Amnesty Denounces Torture of an Egyptian Detainee

Amnesty International has denounced the extended detention and torture of a young detainee in Egypt, reported the Associated Press.

The Egyptian young man has been detained over allegations that he belongs to the Muslim Brotherhood group. According to the rights organization, Islami Khalil was exposed to enforced disappearance for 122 days before he was transferred to a prison.

In his hidden unrevealed location, Islam was “badly tortured with electric shocks into giving confessions that he belongs to the Islamist organization,” said Amnesty.

Amnesty also said that Khalil went on a hunger strike when the prison authorities put him in solitary confinement to punish him.

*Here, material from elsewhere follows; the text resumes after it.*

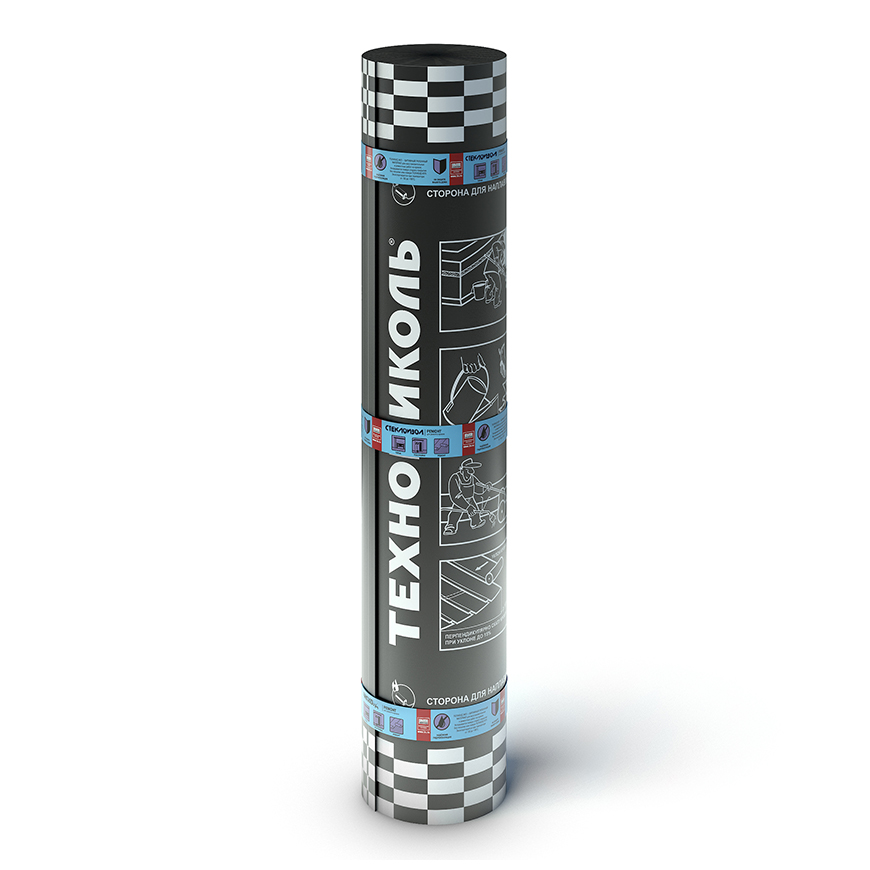 Стеклоизол Р (ТехноНИКОЛЬ), наплавляемый материал Стеклоизол Р (ТехноНИКОЛЬ), наплавляемый материал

The young detainee warned that his health is deteriorating.

Since the military coup in 2013 that ousted Mohamed Morsi the first democratically elected president, Egypt’s prisons and detention centers have been filled with political opponents to the military rule.

Political opponents say that they are subjected to abduction, torture and other shocking tactics to suppress their dissent and opposition.

In a new report released by Amnesty International this year which highlights unprecedented spike in enforced disappearance since early 2015.

It stated in its report that Egypt’s National Security Agency is abducting, torturing, and forcibly disappearing people in an effort to intimidate opponents and wipe out peaceful dissent.